What is the hasselback technique?
The hasselback technique is way of slicing potatoes and other food almost all the way through to create thin layers. The thin layers create extra surface area for more ingredients like cheese, bacon, creme fraiche, chives, and seasoning.
Ingredients
- Yukon gold potatoes - Large yukon potatoes have great flavor and are the perfect size for hasselback potatoes.
- Butter - Added between the layers of potatoes for richness.
- Cheddar cheese - A sharp cheddar will add a pungent flavor.
- Bacon - Chopped into crunchy flavor crystals
- Freshly ground black pepper - Adds a little spice to the dish.
- Kosher Salt - Brings all the flavors together.
- Creme fraiche or sour cream - Both provide a tangy and creamy accent. Creme fraiche is thicker and less tangy than sour cream.
- Chives - Adds a mild oniony taste.
Substitutions
- Cheese - Use your favorite hard cheese instead of cheddar. Try mozzarella, gouda, gruyère, gouda, fontina, or a mix.
- Potatoes - Russet potatoes are a great alternative to Yukon potatoes, they are starchy so they get crispy when cooked but retain their fluffy inside for a perfect bite.
- Healthier - Replace bacon with turkey bacon.

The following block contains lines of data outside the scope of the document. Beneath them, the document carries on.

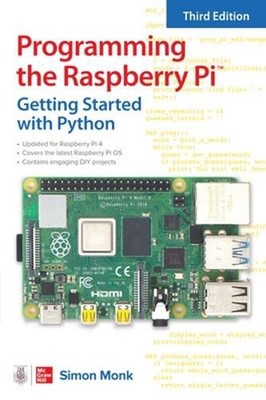 Programming the Raspberry Pi, Third Edition: Getting Started with Python 3rd Edi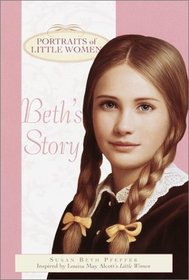 Beth's Story (Portraits of Little Women)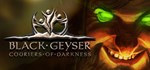 Black Geyser: Couriers of Darkness (Steam Gift Россия)
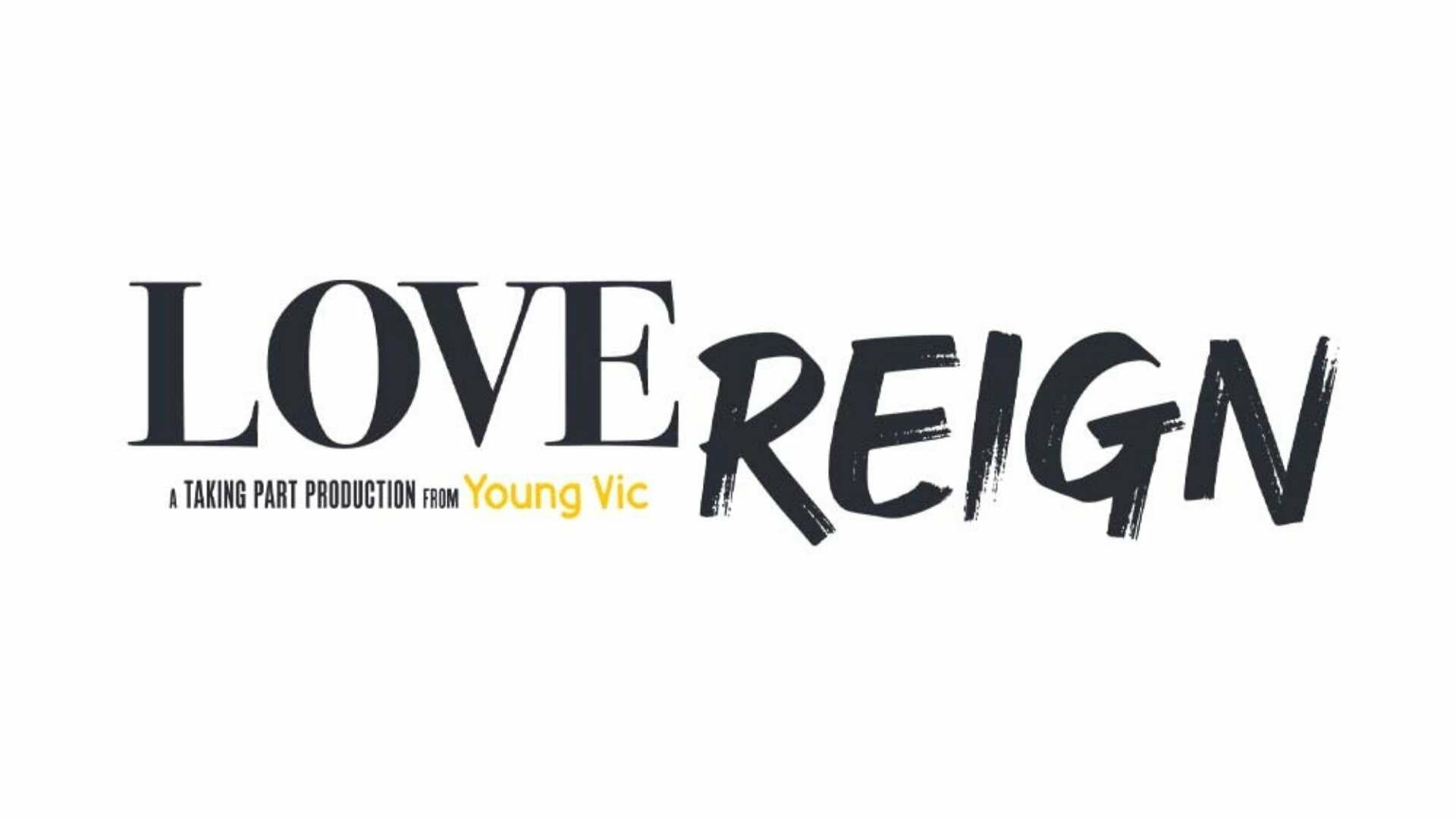 Love Reign The Young Vic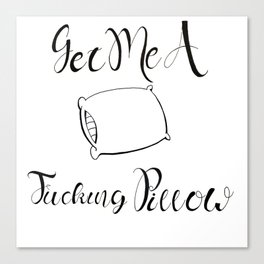 Get Me A F*ing Pillow Canvas Print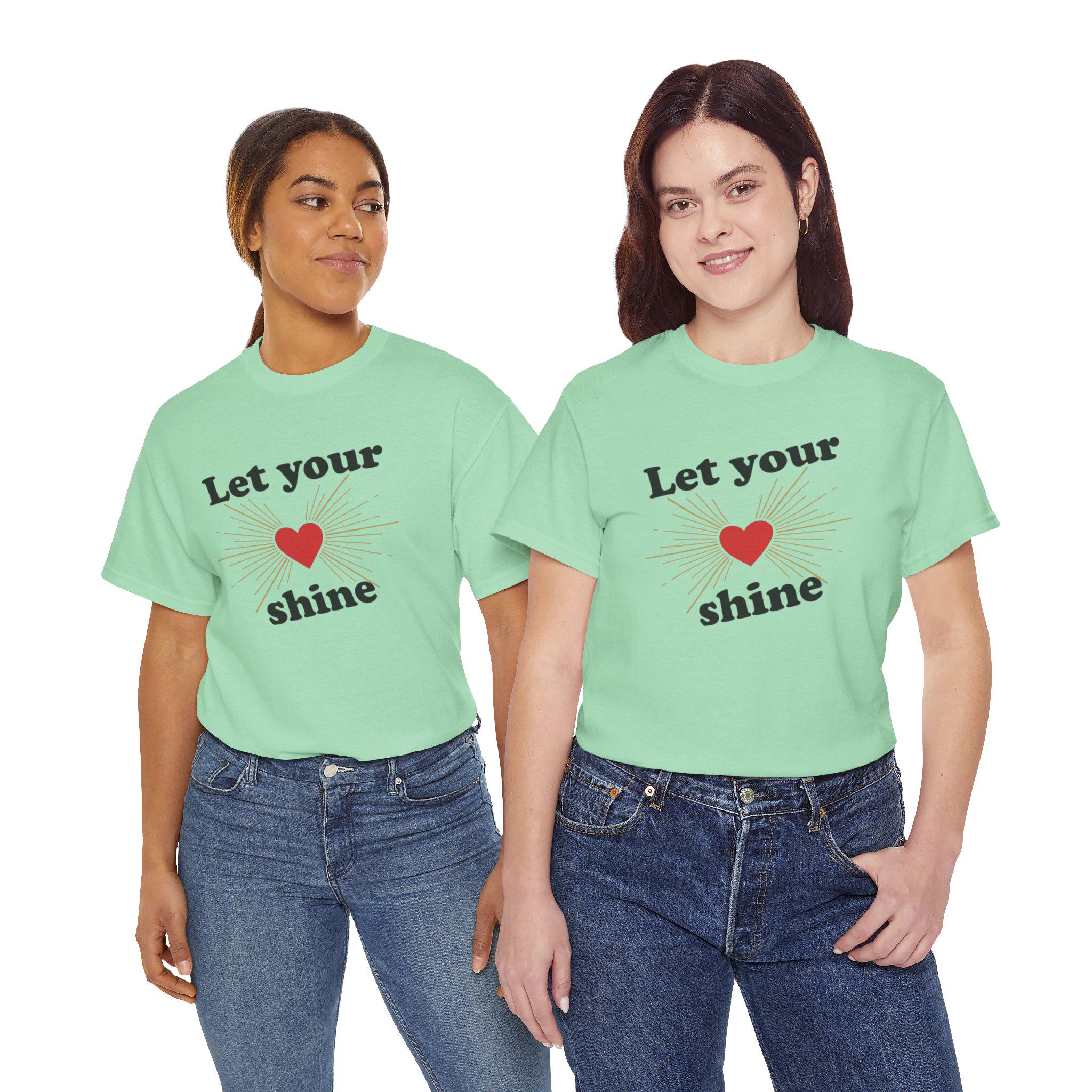 Let Your LOVE Shine Tee | Inspirational Graphic Shirt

- Crispy prosciutto - Give the potatoes an Italian spin with crispy prosciutto instead of bacon. It’s more delicate and does not have a smoky flavor like traditional bacon.
- Mini potatoes - Use standard or mini Yukon potatoes or red potatoes for a smaller version of these potatoes. Bake for less time since there is less volume compared to large potatoes. This is a great option for a small appetizer or kid-friendly potatoes.
- Vegetarian - Omit bacon to make this dish vegetarian.
Variations
- Extra cheesy - In addition to cheddar, you can add gouda, gruyère or grate Parmigiano-Reggiano on top of the potatoes.
- Basil or parsley - Fresh torn basil or chopped parsley adds a brightness to the dish.
- Herbed roasted garlic butter - Add roasted garlic and herbaceous flavor by melting herbed roasted garlic butter and drizzling it on the potatoes before you add the cheese.
- Seasoning - Mix homemade Italian seasoning or homemade lemon pepper seasoning with melted butter and brush the potatoes to imbue more flavor.
- Truffle oil - Elevate the finished baked potatoes with a drizzle of truffle oil.
Instructions
- Heat the oven - Preheat the oven to 425°F. Line a baking sheet with aluminum foil and lightly grease with oil.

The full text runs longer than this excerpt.